# Well I got screwed over today. Can anybody help?



## DaveAmbrose (Oct 28, 2018)

Lost my place to stay today. Argument over the land owners badly behaved dogs that have bitten me four times. I need to get out can anybody help


----------



## Matt Derrick (Oct 28, 2018)

this is not a travel story. moved to general banter.


----------



## Benji91 (Oct 28, 2018)

A few more details would probably help...where are you, where are you looking to go, even a bit about you etc.


----------



## Lastoneleft (Nov 3, 2018)

That’s only one of many reasons I keep a razor sharp blade on me at all times.


----------



## Deleted member 125 (Nov 3, 2018)

Lastoneleft said:


> That’s only one of many reasons I keep a razor sharp blade on me at all times.



so yer solution would be to use the razor sharp blade on the dog? please upload a avatar picture if you want to participate on the forums.


----------



## Lastoneleft (Nov 3, 2018)

SlankyLanky said:


> so yer solution would be to use the razor sharp blade on the dog? please upload a avatar picture if you want to participate on the forums.


My solution is to defend myself against aggression. Return damage according to damage received,ie if an aggressor pierces my body(dog bite) I’ll pierce theirs(razor sharp blade). So to answer your question:yes.


----------



## Deleted member 125 (Nov 3, 2018)

im sure that would of lead to him not being evicted after all. good solution.


----------



## Lastoneleft (Nov 3, 2018)

Lastoneleft said:


> My solution is to defend myself against aggression. Return damage according to damage received,ie if an aggressor pierces my body(dog bite) I’ll pierce theirs(razor sharp blade). So to answer your question:yes.





SlankyLanky said:


> so yer solution would be to use the razor sharp blade on the dog? please upload a avatar picture if you want to participate on the forums.


Off topic? I beg to differ. If someone’s being attacked by an aggressive animal I think the suggestion to stay armed with at least a good sharp knife is exactly on topic. But I’ve noticed on this forum there’s more corrective action from moderators and bitching than anything that’s actually helpful. I’m just not used to such a whiney bunch I guess,sorry.


----------



## Lastoneleft (Nov 3, 2018)

SlankyLanky said:


> im sure that would of lead to him not being evicted after all. good solution.

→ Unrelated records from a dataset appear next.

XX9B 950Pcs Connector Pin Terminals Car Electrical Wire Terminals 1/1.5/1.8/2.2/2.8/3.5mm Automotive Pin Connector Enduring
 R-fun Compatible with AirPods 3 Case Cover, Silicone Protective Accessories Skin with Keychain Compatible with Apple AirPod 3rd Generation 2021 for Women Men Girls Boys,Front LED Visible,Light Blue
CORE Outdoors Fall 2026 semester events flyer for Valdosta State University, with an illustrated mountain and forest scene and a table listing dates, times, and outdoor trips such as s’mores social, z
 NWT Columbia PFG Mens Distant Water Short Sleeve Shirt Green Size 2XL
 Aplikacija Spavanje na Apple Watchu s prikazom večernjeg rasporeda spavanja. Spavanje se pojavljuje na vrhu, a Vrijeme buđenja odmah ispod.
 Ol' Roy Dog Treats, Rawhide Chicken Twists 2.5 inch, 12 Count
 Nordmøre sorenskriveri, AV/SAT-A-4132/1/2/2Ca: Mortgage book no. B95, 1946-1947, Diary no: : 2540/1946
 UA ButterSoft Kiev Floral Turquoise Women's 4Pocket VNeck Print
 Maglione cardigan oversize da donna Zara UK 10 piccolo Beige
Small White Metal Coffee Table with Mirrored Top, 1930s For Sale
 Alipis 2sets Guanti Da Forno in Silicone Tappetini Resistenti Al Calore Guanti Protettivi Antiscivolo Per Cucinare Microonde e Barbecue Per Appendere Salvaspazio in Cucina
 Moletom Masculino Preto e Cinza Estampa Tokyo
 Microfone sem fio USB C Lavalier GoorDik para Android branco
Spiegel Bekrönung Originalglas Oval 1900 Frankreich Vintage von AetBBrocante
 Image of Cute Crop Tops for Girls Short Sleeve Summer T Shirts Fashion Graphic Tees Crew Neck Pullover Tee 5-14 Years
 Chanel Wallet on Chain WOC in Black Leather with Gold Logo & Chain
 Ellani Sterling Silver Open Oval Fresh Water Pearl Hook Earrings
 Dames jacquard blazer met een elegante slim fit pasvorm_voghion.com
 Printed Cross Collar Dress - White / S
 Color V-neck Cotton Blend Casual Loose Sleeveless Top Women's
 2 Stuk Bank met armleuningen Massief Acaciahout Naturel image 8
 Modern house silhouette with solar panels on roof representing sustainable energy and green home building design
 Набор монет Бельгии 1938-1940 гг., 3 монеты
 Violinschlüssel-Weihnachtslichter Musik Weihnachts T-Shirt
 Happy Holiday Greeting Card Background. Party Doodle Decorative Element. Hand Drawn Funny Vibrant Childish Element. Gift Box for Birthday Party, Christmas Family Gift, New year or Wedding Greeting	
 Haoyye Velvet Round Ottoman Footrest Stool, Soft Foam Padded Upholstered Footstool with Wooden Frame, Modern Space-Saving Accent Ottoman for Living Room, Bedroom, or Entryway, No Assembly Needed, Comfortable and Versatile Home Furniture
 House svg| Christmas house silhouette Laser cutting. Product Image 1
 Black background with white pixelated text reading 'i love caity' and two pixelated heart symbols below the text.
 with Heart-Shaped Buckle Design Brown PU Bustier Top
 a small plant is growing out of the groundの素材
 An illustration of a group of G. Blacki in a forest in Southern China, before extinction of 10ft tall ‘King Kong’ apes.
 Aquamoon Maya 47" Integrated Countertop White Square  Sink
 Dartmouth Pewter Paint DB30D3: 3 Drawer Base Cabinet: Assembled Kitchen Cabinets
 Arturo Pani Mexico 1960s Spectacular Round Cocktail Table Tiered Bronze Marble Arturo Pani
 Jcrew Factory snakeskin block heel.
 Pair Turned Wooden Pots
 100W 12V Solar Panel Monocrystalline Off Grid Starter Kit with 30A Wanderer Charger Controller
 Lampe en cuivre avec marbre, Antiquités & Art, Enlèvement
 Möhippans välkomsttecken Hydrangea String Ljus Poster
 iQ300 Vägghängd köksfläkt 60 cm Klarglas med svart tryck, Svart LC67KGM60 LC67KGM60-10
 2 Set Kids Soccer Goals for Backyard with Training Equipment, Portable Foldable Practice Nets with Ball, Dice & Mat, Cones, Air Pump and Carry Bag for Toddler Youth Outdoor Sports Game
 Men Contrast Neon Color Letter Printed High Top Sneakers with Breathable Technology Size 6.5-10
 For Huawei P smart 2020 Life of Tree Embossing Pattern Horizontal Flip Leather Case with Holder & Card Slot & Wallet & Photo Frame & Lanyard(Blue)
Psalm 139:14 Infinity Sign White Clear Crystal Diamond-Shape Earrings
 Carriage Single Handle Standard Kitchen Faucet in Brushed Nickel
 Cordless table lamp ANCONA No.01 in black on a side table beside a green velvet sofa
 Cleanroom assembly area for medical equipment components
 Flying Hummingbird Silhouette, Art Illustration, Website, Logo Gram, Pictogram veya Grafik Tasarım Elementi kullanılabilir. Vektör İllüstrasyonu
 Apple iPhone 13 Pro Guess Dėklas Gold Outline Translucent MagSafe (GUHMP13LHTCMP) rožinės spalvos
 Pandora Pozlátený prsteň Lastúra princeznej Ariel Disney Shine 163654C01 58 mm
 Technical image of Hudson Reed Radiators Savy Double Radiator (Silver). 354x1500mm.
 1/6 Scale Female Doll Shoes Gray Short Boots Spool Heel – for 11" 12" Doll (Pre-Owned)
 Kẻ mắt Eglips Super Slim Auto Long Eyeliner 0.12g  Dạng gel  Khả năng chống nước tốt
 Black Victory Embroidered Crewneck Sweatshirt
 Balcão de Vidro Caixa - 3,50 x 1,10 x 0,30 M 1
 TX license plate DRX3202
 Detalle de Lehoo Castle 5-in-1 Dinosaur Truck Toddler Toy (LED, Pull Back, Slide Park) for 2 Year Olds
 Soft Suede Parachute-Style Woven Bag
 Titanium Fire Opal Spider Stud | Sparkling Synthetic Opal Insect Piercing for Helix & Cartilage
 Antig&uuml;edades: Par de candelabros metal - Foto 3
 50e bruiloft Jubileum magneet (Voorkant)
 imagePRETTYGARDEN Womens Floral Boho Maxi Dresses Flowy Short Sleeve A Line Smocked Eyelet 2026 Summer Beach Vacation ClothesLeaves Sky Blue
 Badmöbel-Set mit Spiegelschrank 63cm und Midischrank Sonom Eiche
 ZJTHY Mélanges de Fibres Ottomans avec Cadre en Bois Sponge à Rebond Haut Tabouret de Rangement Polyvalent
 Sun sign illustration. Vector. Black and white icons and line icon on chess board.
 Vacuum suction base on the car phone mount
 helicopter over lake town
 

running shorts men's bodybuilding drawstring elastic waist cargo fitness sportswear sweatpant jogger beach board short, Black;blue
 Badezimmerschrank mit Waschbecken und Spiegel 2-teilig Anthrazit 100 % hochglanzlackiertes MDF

He was already being evicted,I’d rather be evicted without the dog bites but that’s just me!


----------



## Deleted member 125 (Nov 3, 2018)

Lastoneleft said:


> Off topic? I beg to differ. If someone’s being attacked by an aggressive animal I think the suggestion to stay armed with at least a good sharp knife is exactly on topic. But I’ve noticed on this forum there’s more corrective action from moderators and bitching than anything that’s actually helpful. I’m just not used to such a whiney bunch I guess,sorry.



im terribly sorry if you feel we are a whiney bunch, but if youd like to continue letting me know how you feel about the moderators we can have a private discussion about it because that would be off topic to this thread.


----------



## Lastoneleft (Nov 3, 2018)

SlankyLanky said:


> im terribly sorry if you feel we are a whiney bunch, but if youd like to continue letting me know how you feel about the moderators we can have a private discussion about it because that would be off topic to this thread.


No thanks,I don’t get butt hurt over the small shit but thanks for making my point for me there though. Lol.


----------



## Benji91 (Nov 3, 2018)

If you're go to when it comes to animals is to use a blade on them you're twisted.

If you're that worried about dogs learn about them, learn the behaviour to look out for and learn ways to handle yourself without potentially killing a creature that is a product of it's surroundings.


----------



## Matt Derrick (Nov 3, 2018)

dude's trolling at this point, warning given.


----------



## visionquest3311 (Nov 3, 2018)

I have land you can stay on. You asked for help right? Its in Oregon. No idea where you are. Wishing you all the best this evening.


----------



## visionquest3311 (Nov 3, 2018)

Just saw your in FL. Yeah I'd stay there. Oregon blows...


----------